Personal information
- Full name: Jimena García López
- Born: 2 January 2003 (age 23) Uruguay
- Height: 164 cm (5 ft 5 in)
- Weight: 57 kg (126 lb)

Sport
- Sport: Field hockey
- Position: Defence

National team
- Years: Team / Caps / Goals
- 2021: Uruguay U–21 / 4 / (0)
- 2021–2023: Uruguay / 31 / (5)

Medal record
Representing Uruguay
Women's field hockey
South American Games
| Silver medal – second place | 2018 Cochabamba | Team |
| Bronze medal – third place | 2022 Asunción | Team |
Pan American Junior Championship
| Silver medal – second place | 2021 Santiago | Team |

= Jimena García =

Uruguayan field hockey player

Jimena García López (born 27 July 1999) is a Uruguayan field hockey player, who plays as a defender.

==Career==
===Under–21===
In 2021, García captained the Uruguay U–21 at the 2021 Pan American Junior Championship in Santiago, Chile, where she won a silver medal.

===Las Cimarronas===
García made her senior international debut for Las Cimarronas in 2018, at the 2018 South American Games in Cochabamba.
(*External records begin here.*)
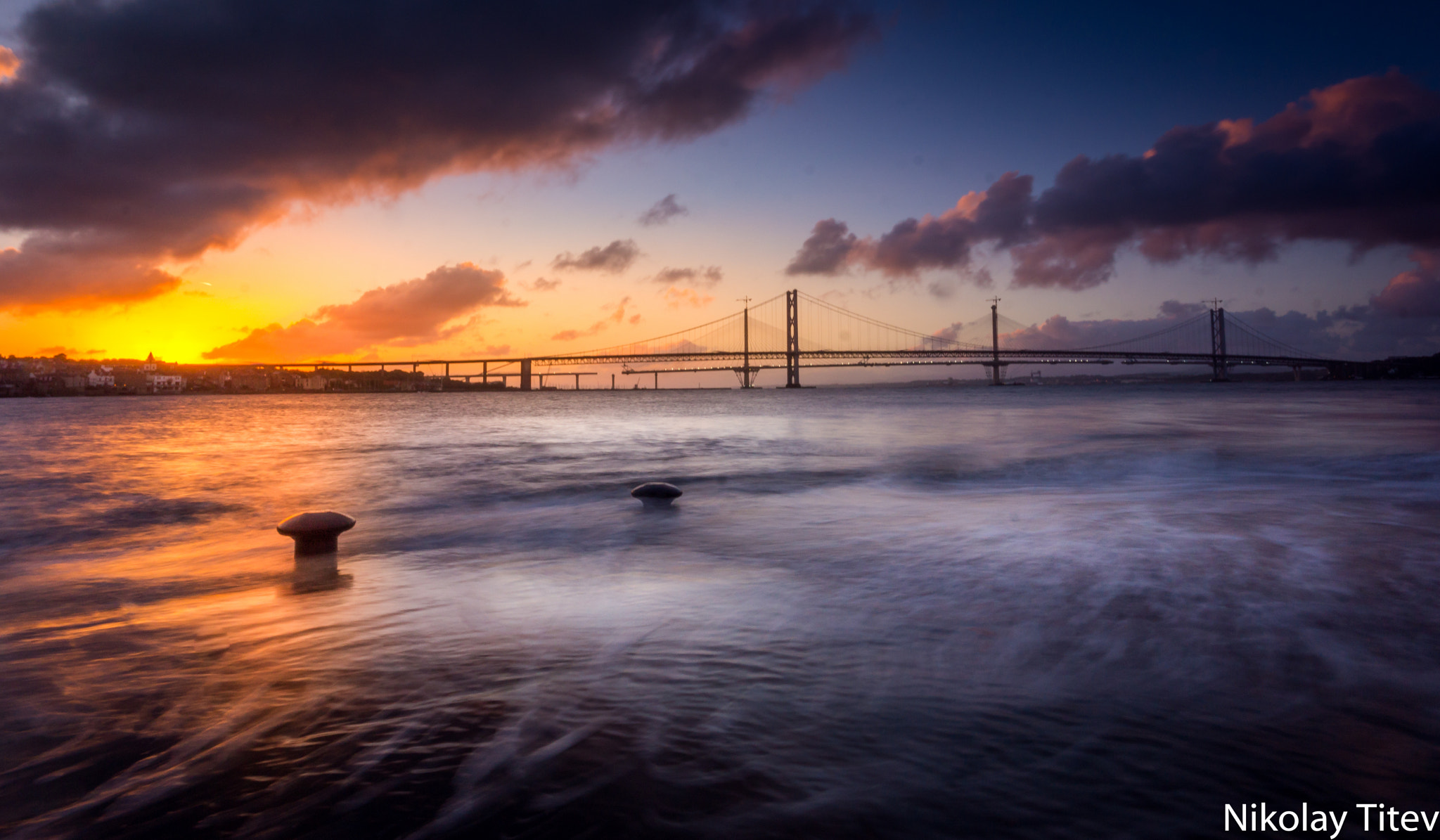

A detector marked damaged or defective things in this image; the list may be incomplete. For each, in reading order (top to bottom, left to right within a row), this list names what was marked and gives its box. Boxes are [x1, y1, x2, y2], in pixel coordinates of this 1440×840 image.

rusted bollard [630, 481, 681, 506]
rusted bollard [277, 512, 356, 557] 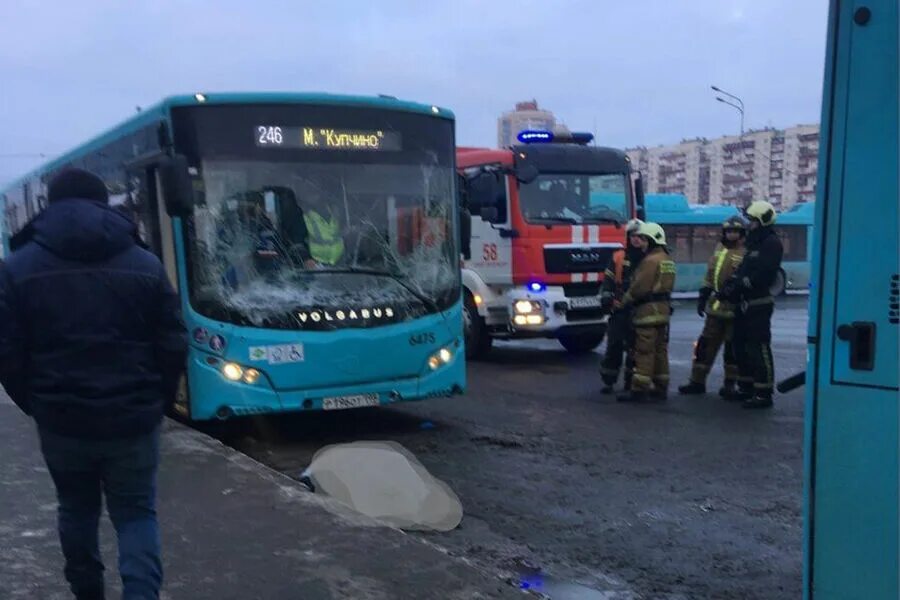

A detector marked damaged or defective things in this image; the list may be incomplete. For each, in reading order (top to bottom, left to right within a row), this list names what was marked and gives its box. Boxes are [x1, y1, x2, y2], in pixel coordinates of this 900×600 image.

damaged blue bus [0, 95, 464, 422]
cracked windshield [188, 128, 458, 328] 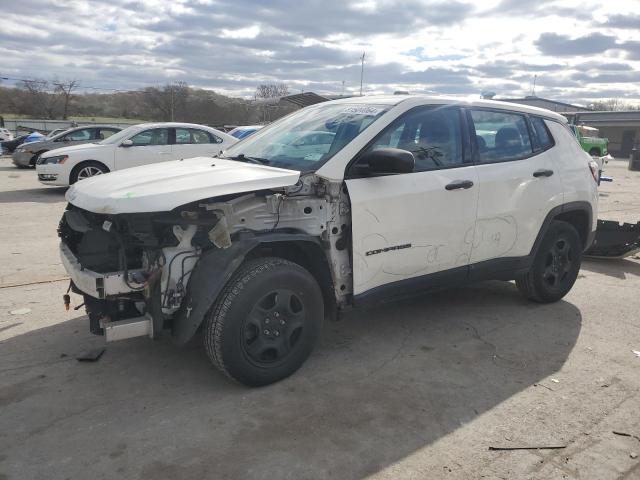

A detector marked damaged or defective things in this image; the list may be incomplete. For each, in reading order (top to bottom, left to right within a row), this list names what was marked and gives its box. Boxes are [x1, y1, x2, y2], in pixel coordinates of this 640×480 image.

Throughout her career she has medalled with the national team twice, winning medals at the 2018 and 2022 editions of the South American Games. She won silver in Cochabamba in 2018, and bronze in Asunción in 2022.

In 2023 she was named in the squad for her second Pan American Games in Santiago, having represented Uruguay in 2019 in Lima.